When the Shimano XTR (M900) first appeared I could easily understand what it was. This was a time when Shimano's Deore XT was the undisputed 'best mountain bike derailleur in the world' - and manifestly deserved the title. But Deore XT had its technical roots in the Shimano 600 (Ultegra level) groupsets of the late 1970s. So Shimano's, ever logical, engineers could clearly see a space for an 'ultimate' mountain bike groupset based on superior Dura-Ace technology.

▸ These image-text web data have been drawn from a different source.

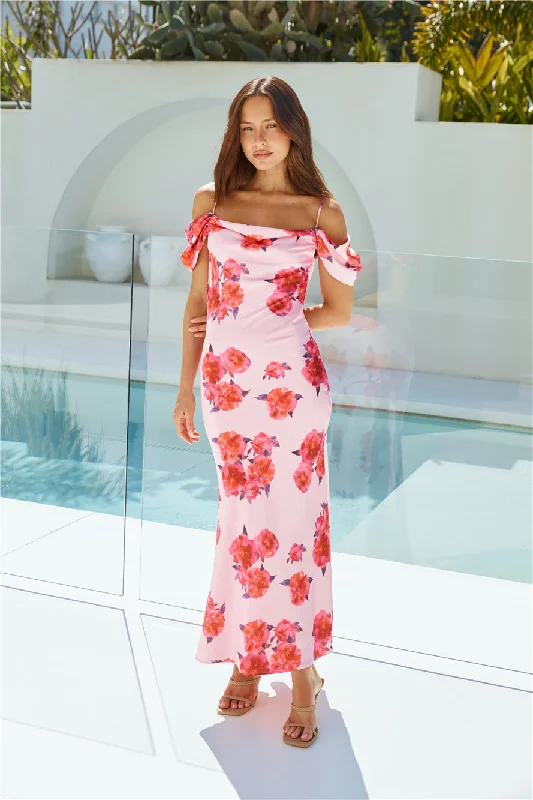 Mermaid - Style Women Dress with a Fitted Silhouette for Special OccasionsBlooming Love Satin Maxi Dress Pink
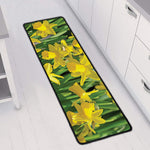 Yellow Daffodil Flower Print Long Kitchen Mat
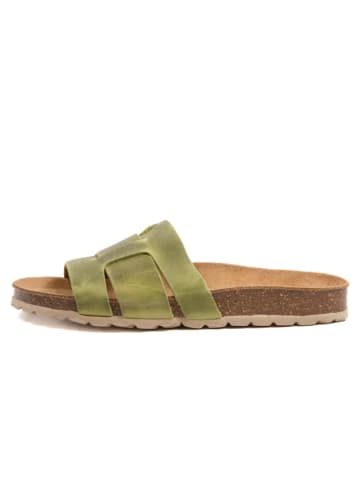 billowy Leren slippers groen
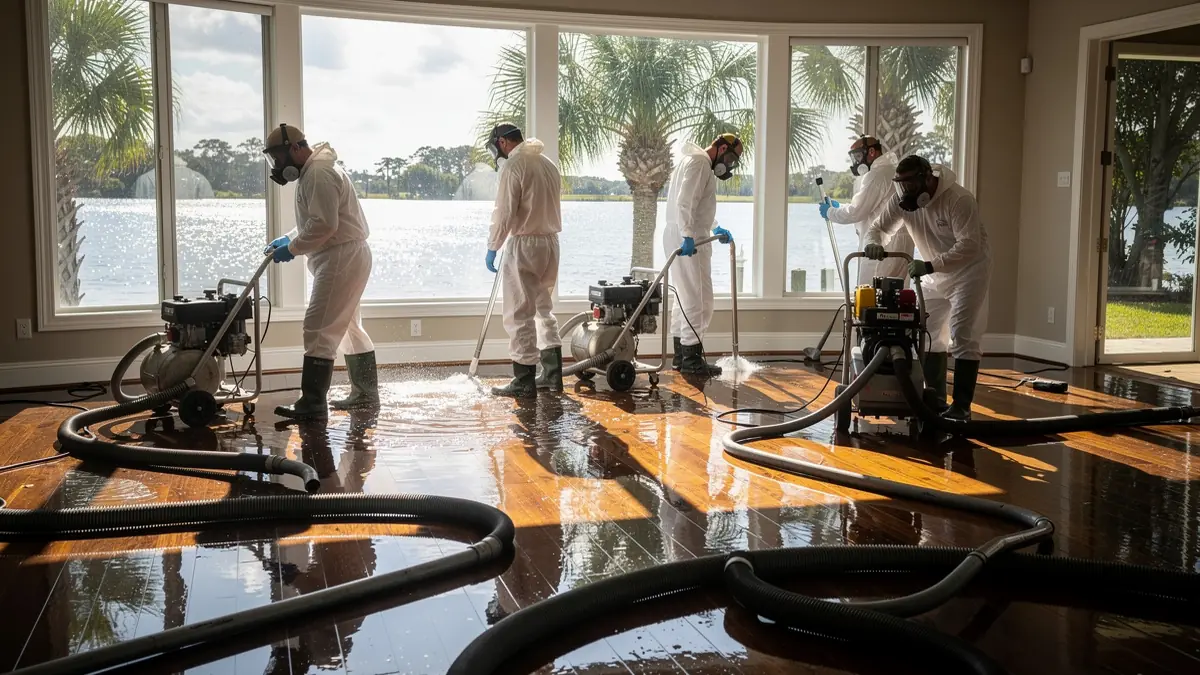 Water damage restoration crew working in Winter Haven Florida home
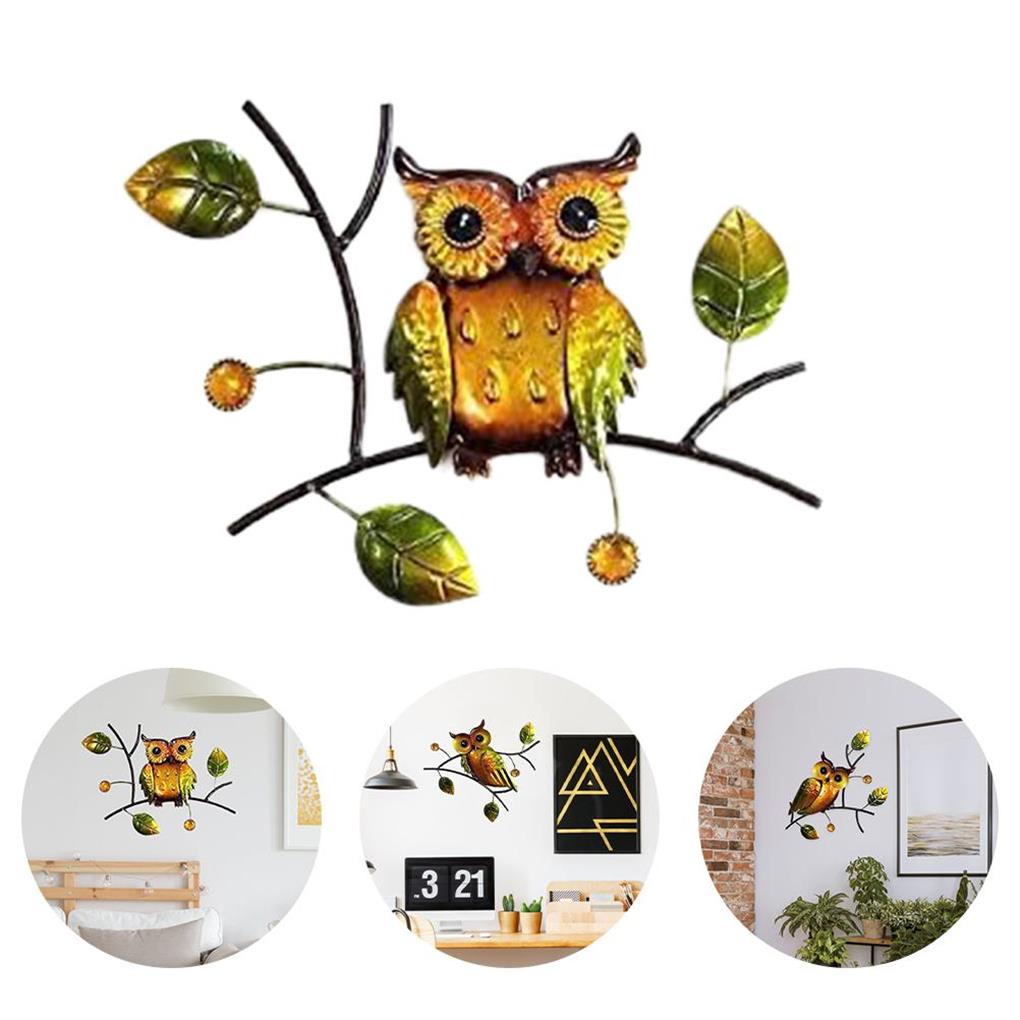 DTOWER Owl Wall Decor Lovely Owl Background Wall Metal Wall Hanging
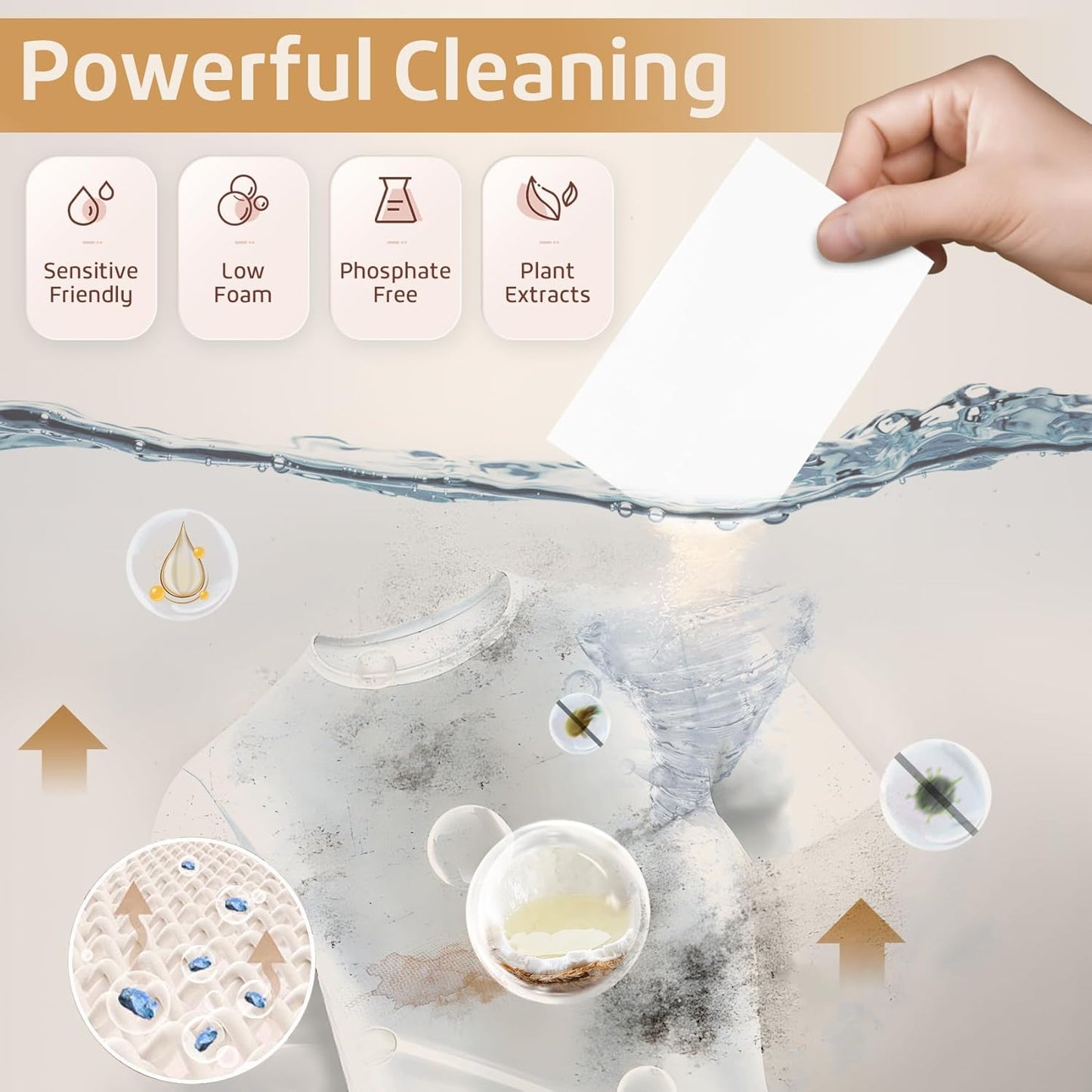 Poesie Laundry Detergent Sheets Magnolia Scent 160 Sheets 80 Large Loads Liquidless Effective Cleaning Zero Waste for All Washing Machine Traveling Dorm Life Save Space
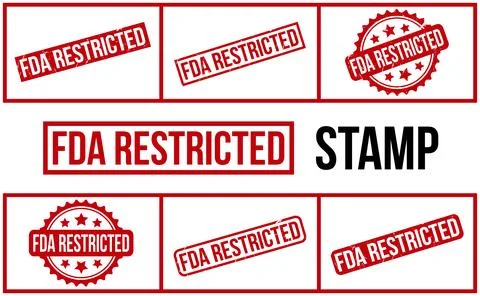 FDA Restricted Rubber Stamp Set Vector Stock Illustration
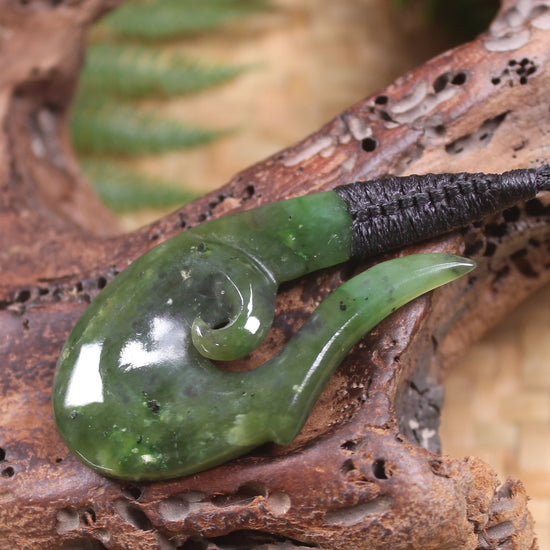 Hei Matau carved from Rimu Pounamu - NZ Greenstone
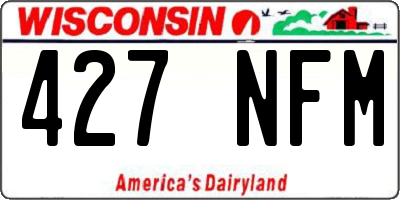 WI license plate 427NFM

But, if I could understand WHAT XTR was, I struggled with the WHY. Did Dura-Ace's luxury finishes and road racing tech really have much to offer a mountain biker? Put in motorcar terms, would you really want the fragility of Formula One racing car technology in an off-road vehicle? Would you really want the luxury of cream coloured Connolly Leather upholstery when you are wearing a muddy Barbour jacket? I remember reading an interview with one of the designers of the second generation Range Rover who was mildly bemused that he had put so much effort into designing a vehicle that could climb ludicrous gradients in hellish conditions - only for the end customer to turn out to be a dodgy collection of, very urban, Gansta rappers and Russian oligarchs. If you make something that embodies extraordinary contradictions, you may find that you attract a customer who is also interestingly bizarre.
Dura-Ace was not just for folk who wanted to tastelessly flaunt their wealth (although some of those good people did buy it). It was also a genuine racing groupset. But XTR? Apart from those paid to do so, I don't think I saw a single mountain bike racer using an XTR (M900) derailleur in anger. It was just too hideously expensive, too beautifully refined, too tastefully sophisticated and just not down-and-dirty enough. It seemed to be a groupset purely for undeservedly wealthy poseurs, flâneurs and dilettantes - Snoop Dogg and Roman Abramovich probably loved it.
It does look good though - even after all these years.
This is a, rather fine, example of the, surprisingly rare, long pulley cage version of the Shimano XTR (M900).